We would like to refer everyone to the cautionary language included in our press release and to the risk factors described in our most recent Form 10-K and subsequent SEC filings. Please also note that management may reference EBITDA, adjusted EBITDA, adjusted revenue, new project awards and backlog on this call, which are financial measures not recognized under U.S. GAAP. As required by SEC rules and regulations, to the extent used, those non-GAAP financial measures are reconciled to their most comparable GAAP financial measures in our press release.

Today, we have Mr. Richard Heo, President and CEO; and Mr. Wes Stockton, Executive Vice President and CFO. Mr. Heo?

R
Richard Heo
executive

Thank you, Cindi. Good afternoon, everyone, and welcome to our second quarter results conference call. I'm happy to be here with you this afternoon and hope that each of you and your families are continuing to stay healthy and safe. During today's call, I'll provide key takeaways from the quarter, a review of segment performance and then market trends and an update on the progress we have made on our strategic initiatives. Wes will then discuss our second quarter results in greater detail and provide some commentary on our outlook for 2024. We'll then open up the call for questions and end with closing remarks.

We delivered another period of stable, profitable operating results during the second quarter, and we continue to make important progress on our strategic objectives. While our second quarter results were negatively impacted by some short-term project delays in our Services division. Consolidated revenue still increased nearly 5% compared to last year, driven by strong growth in our fabrication division.

Project pushouts in our Services segment and incremental investments in the support of our growth objectives negatively impacted our second quarter results and are likely to cause us to fall short of our initial 4-year Services EBITDA target. While we are disappointed to fall short of our guidance, we remain optimistic by the outlook for the Services business in Gulf Island overall.

We are executing at a high level while investing in some exciting new growth businesses as our end markets remain strong. These tailwinds along with our strong financial position give us significant flexibility to continue to pursue our growth objectives.

Now turning to our segment results. First, looking at our Services division. The overall spending environment in our key offshore services market remains strong. Our customers are healthy and their operations in the Gulf of Mexico remain extremely profitable. This is driving strong maintenance and capital spending, and we expect this to continue into 2025 based on commentary from key customers.

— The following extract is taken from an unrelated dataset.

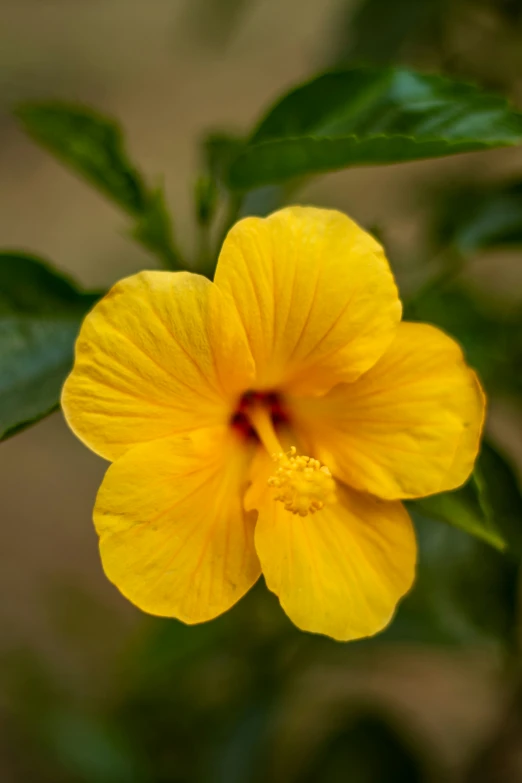 an orange flower that is blooming on the nch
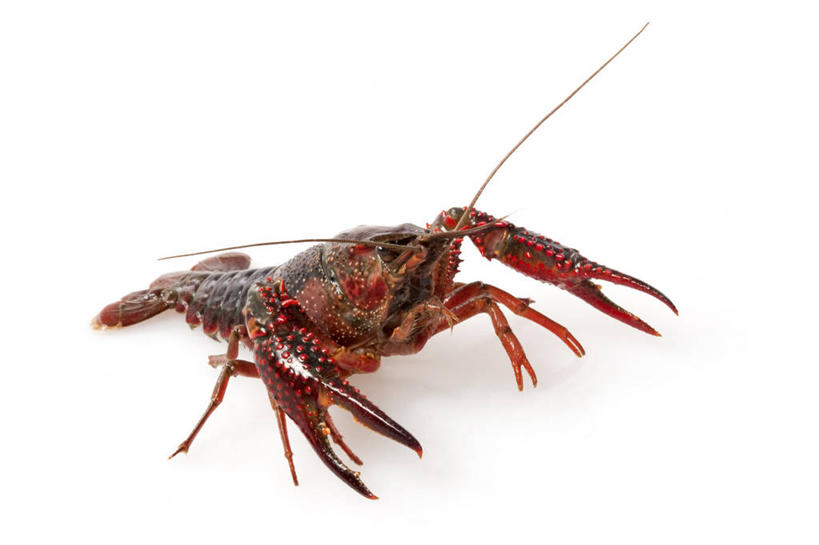 无人,横图,留白,白色背景,食品,红色,动物,趴着,摄影,影棚,摄影棚,肖像,健康食物,海产,彩图,影棚拍摄,拍摄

However, the second quarter Services results were impacted by project delays and investment spending. The project delays were primarily related to Spark Safety project opportunities. These projects were not lost, but the project start dates were delayed due to some customer-specific issues. While we're working hard to make up for the impact of these pushouts, it is difficult to quickly recover from project slippage given the nature of our Services business, including our ability to ramp up craft headcount.

We also made the decision to make incremental investment spending in support of exciting new growth initiatives and services. During the second quarter, we launched our Cleaning and Environmental Services business line, or CES, which expands our services offering to better support decommissioning activity in the Gulf of Mexico. We believe the decommissioning of oil and gas assets in the Gulf of Mexico represents a meaningful potential opportunity for Gulf Island in the coming years.

The Government Accountability Office recently disclosed that 2,700 wells and 500 platforms are past due for dismantling and decommissioning in the Gulf of Mexico. In addition, a recent study by Nature Energy estimated there are roughly 14,000 nonproducing wells that will also need to be dismantled and decommissioned in the future. By law, oil and gas companies must decommission these wells. And the same study estimated a total cost of roughly $30 billion for the well decommissioning.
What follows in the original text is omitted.